だがそれは、彼のやわらかい髪で、自分が気持ちよくなってしまっただけで。

構わず海堂は舐めている。

思わず舌で唇についたのを舐めとってしまう程、蜜は甘かった。

薔薇の花びらが一枚一枚開かれるように、彼女の花も開いていった。

そして。


「ひゃっ、ああぁーっ はぅ、」


朋香が声と体で一段と高い反応を見せた。

最も快感を与える芯を嬲ったからだ。

蜜も一層溢れ、啜り切れない程だ。

海堂はそこを刺激しつつ、指を入れた。

緩んだ花芯は1本は受け入れたが、2本目はきつかった。

朋香からも、悲鳴に近い声がする。

だが、この淫らで清廉な行為に没頭しているうちに、海堂自身にも 余裕が少なくなってきていた。

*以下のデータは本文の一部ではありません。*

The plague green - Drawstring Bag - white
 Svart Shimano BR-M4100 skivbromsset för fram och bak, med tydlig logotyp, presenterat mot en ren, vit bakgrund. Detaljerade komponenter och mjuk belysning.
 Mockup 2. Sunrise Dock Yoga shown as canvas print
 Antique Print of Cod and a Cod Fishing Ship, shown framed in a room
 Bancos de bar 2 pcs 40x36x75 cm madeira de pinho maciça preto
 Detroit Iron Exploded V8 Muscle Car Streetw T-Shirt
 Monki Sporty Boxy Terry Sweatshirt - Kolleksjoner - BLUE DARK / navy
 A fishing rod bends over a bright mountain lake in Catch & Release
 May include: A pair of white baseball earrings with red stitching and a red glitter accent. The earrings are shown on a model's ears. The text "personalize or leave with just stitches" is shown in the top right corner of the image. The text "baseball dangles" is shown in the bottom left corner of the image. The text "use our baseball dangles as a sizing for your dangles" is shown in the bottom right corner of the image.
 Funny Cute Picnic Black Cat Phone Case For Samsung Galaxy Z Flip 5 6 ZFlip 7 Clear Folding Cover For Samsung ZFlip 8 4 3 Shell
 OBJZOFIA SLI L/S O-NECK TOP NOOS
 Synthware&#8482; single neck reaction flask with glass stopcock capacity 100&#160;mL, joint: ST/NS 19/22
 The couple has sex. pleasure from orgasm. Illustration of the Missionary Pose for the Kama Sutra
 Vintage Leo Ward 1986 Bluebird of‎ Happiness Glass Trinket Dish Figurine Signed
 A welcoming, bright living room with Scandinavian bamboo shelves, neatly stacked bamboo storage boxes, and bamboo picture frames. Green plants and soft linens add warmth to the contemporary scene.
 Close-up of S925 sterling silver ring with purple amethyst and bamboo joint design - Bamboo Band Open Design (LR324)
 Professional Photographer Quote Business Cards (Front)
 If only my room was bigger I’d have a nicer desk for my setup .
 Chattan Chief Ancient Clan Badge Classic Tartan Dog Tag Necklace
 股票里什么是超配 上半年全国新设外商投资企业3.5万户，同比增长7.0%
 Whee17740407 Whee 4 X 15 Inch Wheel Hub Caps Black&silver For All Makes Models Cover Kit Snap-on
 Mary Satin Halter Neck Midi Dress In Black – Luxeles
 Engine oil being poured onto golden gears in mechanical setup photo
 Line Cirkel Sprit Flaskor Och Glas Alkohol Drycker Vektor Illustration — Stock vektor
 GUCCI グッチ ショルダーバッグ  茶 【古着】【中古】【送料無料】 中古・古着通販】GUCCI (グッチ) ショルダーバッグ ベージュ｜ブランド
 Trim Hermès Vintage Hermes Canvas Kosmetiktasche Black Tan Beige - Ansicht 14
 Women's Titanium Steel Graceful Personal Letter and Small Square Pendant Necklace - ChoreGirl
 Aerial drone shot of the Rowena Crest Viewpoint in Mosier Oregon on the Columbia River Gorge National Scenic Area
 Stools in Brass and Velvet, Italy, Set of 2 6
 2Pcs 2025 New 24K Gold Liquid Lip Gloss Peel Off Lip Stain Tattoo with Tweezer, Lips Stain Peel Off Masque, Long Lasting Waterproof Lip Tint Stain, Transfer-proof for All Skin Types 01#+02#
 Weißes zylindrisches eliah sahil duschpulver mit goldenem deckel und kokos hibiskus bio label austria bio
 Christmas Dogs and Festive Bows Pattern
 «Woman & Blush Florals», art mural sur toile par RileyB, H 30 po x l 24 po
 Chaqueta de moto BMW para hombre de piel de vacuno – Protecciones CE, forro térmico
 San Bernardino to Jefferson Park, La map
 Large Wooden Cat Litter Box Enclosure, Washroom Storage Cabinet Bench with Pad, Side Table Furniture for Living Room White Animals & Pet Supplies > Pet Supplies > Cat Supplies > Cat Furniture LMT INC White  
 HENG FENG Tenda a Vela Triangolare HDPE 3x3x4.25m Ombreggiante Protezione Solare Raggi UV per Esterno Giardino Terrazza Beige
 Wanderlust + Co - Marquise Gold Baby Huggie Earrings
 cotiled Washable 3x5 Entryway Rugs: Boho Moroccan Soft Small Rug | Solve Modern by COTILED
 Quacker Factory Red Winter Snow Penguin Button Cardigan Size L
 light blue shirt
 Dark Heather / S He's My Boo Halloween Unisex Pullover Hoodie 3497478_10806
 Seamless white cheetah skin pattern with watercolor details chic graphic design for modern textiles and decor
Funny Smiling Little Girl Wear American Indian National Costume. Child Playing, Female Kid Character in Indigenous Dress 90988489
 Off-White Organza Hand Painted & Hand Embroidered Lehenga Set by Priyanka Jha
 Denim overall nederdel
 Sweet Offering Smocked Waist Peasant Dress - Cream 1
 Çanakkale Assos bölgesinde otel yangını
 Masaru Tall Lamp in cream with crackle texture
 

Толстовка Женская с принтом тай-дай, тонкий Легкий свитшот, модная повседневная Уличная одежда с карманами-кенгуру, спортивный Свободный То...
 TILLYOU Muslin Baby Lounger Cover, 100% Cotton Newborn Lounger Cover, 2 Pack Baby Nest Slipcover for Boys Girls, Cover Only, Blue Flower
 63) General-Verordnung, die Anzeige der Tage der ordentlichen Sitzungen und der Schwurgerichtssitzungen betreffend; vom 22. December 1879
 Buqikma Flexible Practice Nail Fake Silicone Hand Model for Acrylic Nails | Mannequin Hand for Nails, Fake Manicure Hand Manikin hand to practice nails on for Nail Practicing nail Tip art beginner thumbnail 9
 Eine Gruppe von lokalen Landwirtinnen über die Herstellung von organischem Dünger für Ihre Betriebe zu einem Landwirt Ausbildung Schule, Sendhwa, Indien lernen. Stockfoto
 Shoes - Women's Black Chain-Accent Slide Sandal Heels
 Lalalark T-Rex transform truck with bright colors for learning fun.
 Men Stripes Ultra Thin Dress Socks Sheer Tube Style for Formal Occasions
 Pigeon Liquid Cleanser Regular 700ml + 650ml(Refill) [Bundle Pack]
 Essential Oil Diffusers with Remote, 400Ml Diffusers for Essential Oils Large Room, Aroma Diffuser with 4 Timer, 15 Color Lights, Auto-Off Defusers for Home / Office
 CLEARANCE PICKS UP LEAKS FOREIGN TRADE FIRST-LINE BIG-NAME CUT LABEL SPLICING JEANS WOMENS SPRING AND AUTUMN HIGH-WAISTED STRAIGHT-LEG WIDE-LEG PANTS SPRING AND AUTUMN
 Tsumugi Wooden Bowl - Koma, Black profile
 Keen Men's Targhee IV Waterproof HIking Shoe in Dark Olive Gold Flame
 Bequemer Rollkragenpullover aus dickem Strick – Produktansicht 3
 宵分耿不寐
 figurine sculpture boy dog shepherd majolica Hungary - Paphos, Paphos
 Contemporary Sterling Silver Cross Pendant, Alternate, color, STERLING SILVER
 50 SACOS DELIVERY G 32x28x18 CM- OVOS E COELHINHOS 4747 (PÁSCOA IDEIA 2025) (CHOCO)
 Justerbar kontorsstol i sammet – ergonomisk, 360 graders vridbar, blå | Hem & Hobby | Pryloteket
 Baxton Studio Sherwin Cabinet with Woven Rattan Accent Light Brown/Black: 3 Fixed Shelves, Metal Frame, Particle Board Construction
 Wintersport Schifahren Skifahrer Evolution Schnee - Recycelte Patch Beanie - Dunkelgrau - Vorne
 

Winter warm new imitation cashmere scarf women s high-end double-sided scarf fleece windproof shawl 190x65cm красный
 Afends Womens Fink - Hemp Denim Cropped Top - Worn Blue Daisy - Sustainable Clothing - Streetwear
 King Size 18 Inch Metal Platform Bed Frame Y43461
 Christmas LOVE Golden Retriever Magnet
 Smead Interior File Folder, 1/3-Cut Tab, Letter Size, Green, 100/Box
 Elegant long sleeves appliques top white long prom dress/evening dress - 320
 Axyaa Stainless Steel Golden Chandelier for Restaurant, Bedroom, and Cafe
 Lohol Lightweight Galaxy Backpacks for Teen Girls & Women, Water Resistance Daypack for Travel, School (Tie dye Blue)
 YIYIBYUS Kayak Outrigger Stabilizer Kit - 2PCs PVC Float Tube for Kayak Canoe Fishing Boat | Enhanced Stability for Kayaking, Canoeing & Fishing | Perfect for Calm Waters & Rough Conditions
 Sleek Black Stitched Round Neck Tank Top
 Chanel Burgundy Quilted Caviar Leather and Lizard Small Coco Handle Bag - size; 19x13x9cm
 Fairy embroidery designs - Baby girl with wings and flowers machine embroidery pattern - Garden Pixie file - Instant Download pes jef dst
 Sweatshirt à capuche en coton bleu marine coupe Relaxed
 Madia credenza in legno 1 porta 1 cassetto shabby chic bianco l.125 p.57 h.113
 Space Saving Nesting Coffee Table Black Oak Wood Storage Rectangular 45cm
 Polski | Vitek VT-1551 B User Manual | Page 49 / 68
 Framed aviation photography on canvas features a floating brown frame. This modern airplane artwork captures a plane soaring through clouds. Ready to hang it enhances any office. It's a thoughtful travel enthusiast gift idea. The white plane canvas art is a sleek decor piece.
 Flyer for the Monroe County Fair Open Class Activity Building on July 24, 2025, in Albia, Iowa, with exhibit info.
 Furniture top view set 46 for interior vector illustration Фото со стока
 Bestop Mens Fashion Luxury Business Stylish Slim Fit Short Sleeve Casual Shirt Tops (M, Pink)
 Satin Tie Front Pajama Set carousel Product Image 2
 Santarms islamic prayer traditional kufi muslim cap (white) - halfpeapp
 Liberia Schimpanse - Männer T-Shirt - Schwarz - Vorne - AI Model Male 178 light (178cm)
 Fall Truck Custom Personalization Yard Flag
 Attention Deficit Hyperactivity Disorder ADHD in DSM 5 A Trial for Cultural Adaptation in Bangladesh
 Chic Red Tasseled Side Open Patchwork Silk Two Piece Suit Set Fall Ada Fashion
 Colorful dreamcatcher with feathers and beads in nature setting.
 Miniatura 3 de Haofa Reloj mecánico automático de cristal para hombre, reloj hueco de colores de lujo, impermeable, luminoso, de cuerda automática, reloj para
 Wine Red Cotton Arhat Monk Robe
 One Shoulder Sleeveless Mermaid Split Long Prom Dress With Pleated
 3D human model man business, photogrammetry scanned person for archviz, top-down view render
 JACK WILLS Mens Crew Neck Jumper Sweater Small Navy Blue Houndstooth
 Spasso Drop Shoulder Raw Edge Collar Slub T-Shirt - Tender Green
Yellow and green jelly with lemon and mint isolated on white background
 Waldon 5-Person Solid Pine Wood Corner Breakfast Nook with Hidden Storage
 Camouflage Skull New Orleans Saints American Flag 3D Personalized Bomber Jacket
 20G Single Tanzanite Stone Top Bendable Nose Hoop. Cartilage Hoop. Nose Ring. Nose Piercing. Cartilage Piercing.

クラスの野郎どもが遊びで配ったきり、何となく手帳に挟んであったゴムの封を切る。


「小坂田、」


乱れに乱れ、荒い息を上げるかわいい恋人を呼んだ。


「せん、パ、」


潤んだ瞳で見上げられた。たまらなくいとおしい。

もう限界だ−−−−−−


「入れる、ぞ」


朋香はコクンとうなずいた。


「せんぱ、」


「何だ?」


「離さないで、」


返事の代わりに額にキスを落とすと、海堂は朋香の腰を掴んだ。

そして、ぐっと突いた。


「あああ。ゃ、」


心は納得していても、体が本能的に逃げる。

それを海堂は力でねじ伏せた。


「あ、あぅっ・・・ぃひっぃ」


「、っく」


海堂にとってもかなりきつい状況だが、朋香に比べればまだ多少は余白がある。

−−壊れ、ちゃうっ、怖い・・よっ

朋香が悲鳴を上げそうになるが、辛うじてこらえている。

気の強い、自立心の強い彼女がこれほど辛そうなのだから、余程の痛みなのだろう。


「正直に、言え。辛い、か?」


「ちょっと、だけ。・・・でも・だいじょ、ぶ・・・だ、て・・先輩の だ・・も、」


あまりの愛しさに海堂は言葉を失う。

何も言わずに手を絡ませると、深くキスをした。

それを合図のように動き始める。







「あ。っひゃあぅん」


朋香は激しい痛みを感じる一方で、体の芯にある『何か』が暴れだすのを感じていた。

感じるのは、海堂のものと、その苦痛にも似た快感だけだった。


「せ、せんぱっ、・・・・あた、し、変っ」


ふたりを繋ぐ淫らな水音が一層欲を煽る。


「ぃゃ、アう。先輩、先輩!」


「薫、だ。朋香、」


快楽から逃げるように、貪るように舌を絡めあう。


「かお・・・、る。・・・・薫!」


「朋香っ」


海堂が精を放つのと朋香が絶頂を迎えたのは、どちらが先だったのだろうか。

彼は自身の体を支えきれずに、朋香の上に落ちた。

ふたりして荒い息をあげる。

海堂はぐっとふんばって、彼女を見下ろした。


「小坂田、小坂田!」


朋香はうっすらと目を開けた。


「う・・ん・・」


とりあえず意識はあるようなので、海堂はほっとした。

何か言うべきなのかもしれないが、口下手な自分にはうまく言葉に出来ない。

−−−−と、朋香が無言で擦り寄ってきた。


「小坂田・・・・・」


海堂は彼女の手を取ると、ぎゅっと握った。

朋香は笑っていた。

自分も笑っていた。

彼女の額にキスをする。

言葉は要らないんだと、海堂は知った。






いつのまにか、薄暗かった部屋に薄く陽が差していた。

だが窓を見ると、時折新しい水滴が当たっている。

まだ少し降っているようだが、それもじきに止むだろう。

遙か向こうの、夏特有の高い雲の中で、低い音だけが響いていた。

夏はまだ十分に余白を残していた。